[dns-operations] First experiments with DNS dampening to fight amplification attacks
Michael Hoskins (michoski)
michoski at cisco.com
Fri Oct 26 21:50:19 UTC 2012
-----Original Message-----
From: "sthaug at nethelp.no" <sthaug at nethelp.no>
Date: Friday, October 26, 2012 5:10 PM
To: "dns-operations at mail.dns-oarc.net" <dns-operations at mail.dns-oarc.net>
Subject: Re: [dns-operations] First experiments with DNS dampening to
fight amplification attacks
>>> What we have failed to do as an industry is create sufficient
>>>incentives
>>> to make being a good net.citizen of higher benefit than the costs
>>> associated.
>>
>> Speak for yourself. We do have ethics.
>
>Ethics alone are woefully inadequate for combatting spam, DDoS attacks
>etc.

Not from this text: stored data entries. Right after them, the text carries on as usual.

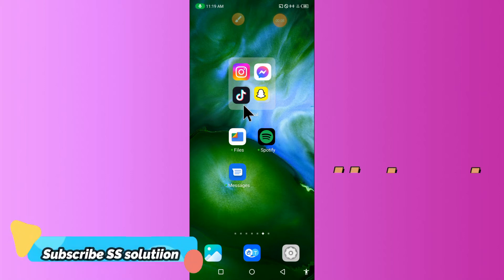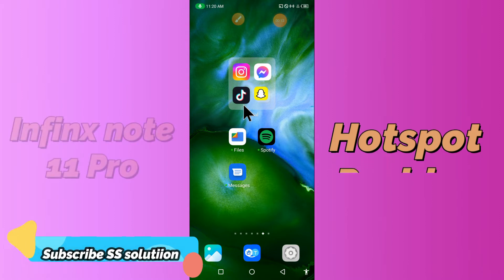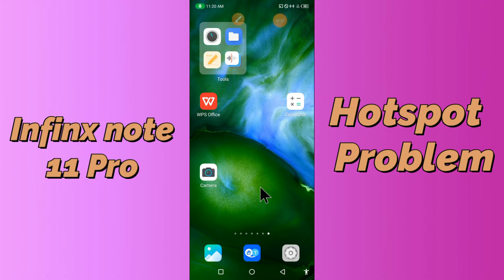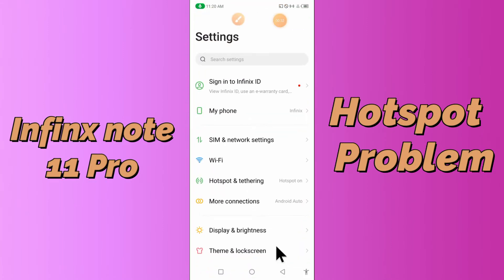Hi everyone, today in my video I'll show you how you can fix the hotspot problem in your Infinix Note 11 Pro. If you're having any issue like your hotspot is not working or is not connecting, don't worry, I'll show you how you can fix it. If you are new to my channel, don't forget to subscribe and press the bell icon. Watch the complete video and learn how you can fix it. Let's start.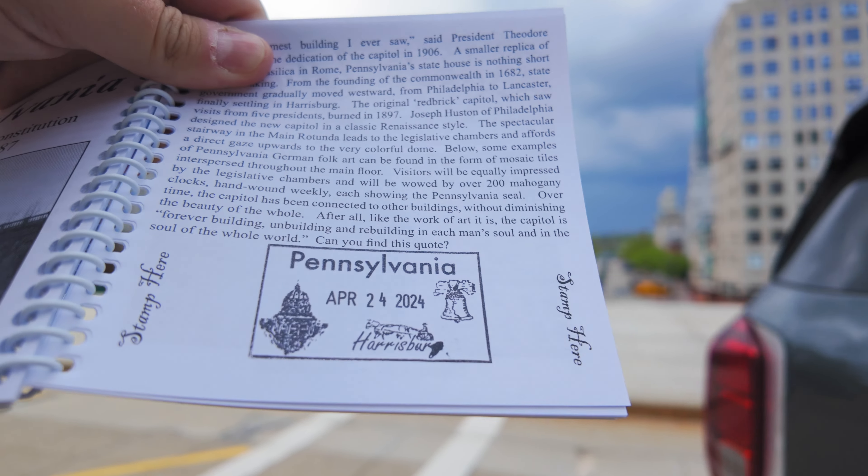We just got done exploring the state Capitol building of Pennsylvania — that's it behind me. It was the first Capitol building I've ever been in, and wow, it was impressive. Beautiful atrium that you walk into, everything all marble and shiny. It was very nice. Then we went down to the gift shop and I bought some postcards, and Tim got us the state Capitol stamp passport book, where every Capitol building you visit you can get a little stamp.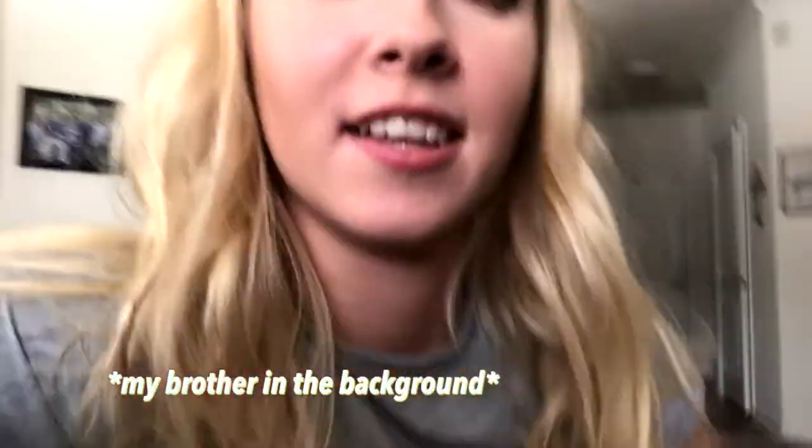Hi guys, welcome back to my channel and if you're new here my name is Hannah Renee and it is so nice to meet you. Today we're doing a dorm room shopping vlog so I'm gonna be going dorm room shopping with my mom and grandma and getting some stuff, so I'm gonna take you along the ride with me. Without further ado let's just jump right on into this video.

I strongly agree that economic incentives are needed - and they
>simply don't exist today.
fair enough, but some company's ethics actually motivate them to spend
capital on engineering and supporting communities which can be used to
provide economic incentives not to waste time spamming or DDosing (or to
minimize the gain from such attempts for those who will no doubt continue
to try).
ironport historically did that through efforts like senderbase and spamcop
(which fed intelligence into appliances sold for cash while simultaneously
being useful as community tools), and i can say cisco is investing even
more capital into harnessing the cloud and big data to extend similarly
intelligent "reputation" based capabilities across their product line. in
the face of ipv6, such intelligence becomes more critical than ever.
no one is perfect, especially companies, and bureaucracy often moves
slower than we'd all prefer...but i sincerely don't believe there is an
evil plot to make the internet a bad place. if we keep pushing in the
right direction, the ball of progress will move no matter how slowly.
“Maybe everybody in the whole damn world's scared of each other.”